There is more: “If any man that is called a brother be… a drunkard, or an extortioner; with such an one no not to eat.” No drunkard will inherit the kingdom of God. I would say to young readers in these permissive days that if you never want to be a drunkard, do not yield to the pressures of a society in which it is fashionable for everybody to drink a little bit. No man ever became a drunkard who was not first a moderate drinker. Someone may say, “I do not believe in total abstinence; I can take a little and it does me no harm.” But it may do your brother harm, and Paul said, “If meat make my brother to offend, I will eat no flesh while the world standeth” (8:13).

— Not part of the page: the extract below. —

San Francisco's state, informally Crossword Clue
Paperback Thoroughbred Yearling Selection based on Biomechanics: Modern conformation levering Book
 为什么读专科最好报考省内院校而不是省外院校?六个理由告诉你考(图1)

An extortioner is one who squeezes the poor. Perhaps he tries to cover up his sin in this way: he squeezes the poor, makes an extra thousand dollars, and then on Sunday goes to church and says to the pastor, “I want to donate a hundred dollars for missions.” God would say, “Keep your dirty money; you got it the wrong way.” God wants holy money to use in holy service. An extortioner is a wicked person and God says we are not to sit down at the table with such an individual. Applying that command would cut down our dinner parties considerably!
I take it that Paul was including the Lord’s table when he said, “With such an one no not to eat.” People should be warned to stay away from the Lord’s table if they are fornicators or covetous or idolaters or railers or drunkards or extortioners.

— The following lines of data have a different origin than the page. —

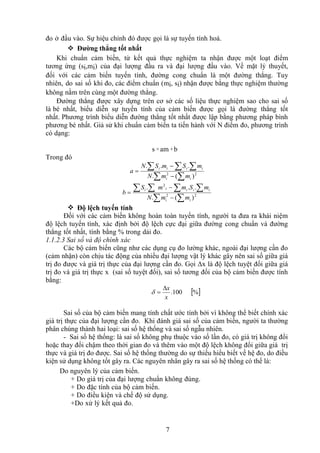 7
đo ở đầu vào. Sự hiệu chỉnh đó được gọi là sự tuyến tính hoá.
 Đường thẳng tốt nhất
Khi chuẩn cảm biến, từ kết quả thực nghiệm ta nhận được một loạt điểm
tương ứng (si,mi) của đại lượng đầu ra và đại lượng đầu vào. Về mặt lý thuyết,
đối với các cảm biến tuyến tính, đường cong chuẩn là một đường thẳng. Tuy
nhiên, do sai số khi đo, các điểm chuẩn (mi, si) nhận được bằng thực nghiệm thường
không nằm trên cùng một đường thẳng.
Đường thẳng được xây dựng trên cơ sở các số liệu thực nghiệm sao cho sai số
là bé nhất, biểu diễn sự tuyến tính của cảm biến được gọi là đường thẳng tốt
nhất. Phương trình biểu diễn đường thẳng tốt nhất được lập bằng phương pháp bình
phương bé nhất. Giả sử khi chuẩn cảm biến ta tiến hành với N điểm đo, phương trình
có dạng:
s =am +b
Trong đó
 
  


 2
2
)
(
.
.
.
.
i
i
i
i
i
i
m
m
N
m
S
m
S
N
a
 
  



 2
2
2
)
(
.
.
.
.
i
i
i
i
i
i
i
m
m
N
m
S
m
m
S
b
 Độ lệch tuyến tính
Đối với các cảm biến không hoàn toàn tuyến tính, người ta đưa ra khái niệm
độ lệch tuyến tính, xác định bởi độ lệch cực đại giữa đường cong chuẩn và đường
thẳng tốt nhất, tính bằng % trong dải đo.
1.1.2.3 Sai số và độ chính xác
Các bộ cảm biến cũng như các dụng cụ đo lường khác, ngoài đại lượng cần đo
(cảm nhận) còn chịu tác động của nhiều đại lượng vật lý khác gây nên sai số giữa giá
trị đo được và giá trị thực của đại lượng cần đo. Gọi Δx là độ lệch tuyệt đối giữa giá
trị đo và giá trị thực x (sai số tuyệt đối), sai số tương đối của bộ cảm biến được tính
bằng:
 
%
100
.
x
x



Sai số của bộ cảm biến mang tính chất ước tính bởi vì không thể biết chính xác
giá trị thực của đại lượng cần đo. Khi đánh giá sai số của cảm biến, người ta thường
phân chúng thành hai loại: sai số hệ thống và sai số ngẫu nhiên.
- Sai số hệ thống: là sai số không phụ thuộc vào số lần đo, có giá trị không đổi
hoặc thay đổi chậm theo thời gian đo và thêm vào một độ lệch không đổi giữa giá trị
thực và giá trị đo được. Sai số hệ thống thường do sự thiếu hiểu biết về hệ đo, do điều
kiện sử dụng không tốt gây ra. Các nguyên nhân gây ra sai số hệ thống có thể là:
Do nguyên lý của cảm biến.
+ Do giá trị của đại lượng chuẩn không đúng.
+ Do đặc tính của bộ cảm biến.
+ Do điều kiện và chế độ sử dụng.
+Do xử lý kết quả đo.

Outside in the world God judges. He will deal with the unsaved in due time, but He calls on the church of God to maintain careful discipline over its members for the glory of the Lord Jesus Christ. His own good name is at stake. People on the outside say, “What! Is that one of your Christians? Does he belong to Christ and yet do thus and so?” That is one reason why the church of God is responsible to maintain holiness in this world.
“Therefore,” Paul concluded, “put away from among yourselves that wicked person.” Of course there is a great deal of instruction in other Scripture passages about discipline. For example Galatians 6:1 says, “If a man be overtaken in a fault, ye which are spiritual, restore such an one in the spirit of meekness; considering thyself, lest thou also be tempted.” So every effort should be made to restore the wanderer, but if he will not be restored, if he persists in his sin, if he goes on defying the discipline of the church of God, the time comes when the instruction in 1 Corinthians 5:13 has to be acted on.
Perhaps some of you feel like saying what one of the Hopi Indians said to me after I had tried to teach them the responsibility of a Christian. He said, “Man with the Iron Voice [that was their rather peculiar name for me], you have made the way very hard today. I thought I was saved by grace alone, but now it looks as though I have to walk to Heaven on the edge of a razor.” We are saved by grace alone, but we are called to walk in holiness, and while we have no ability to do this ourselves, the Holy Spirit has come to dwell in every believer and He is the power of the new life. “If we live in the Spirit, let us also walk in the Spirit” (Galatians 5:25), and we will thus be enabled to honor the Lord Jesus Christ by holy, unworldly, devoted, godly lives.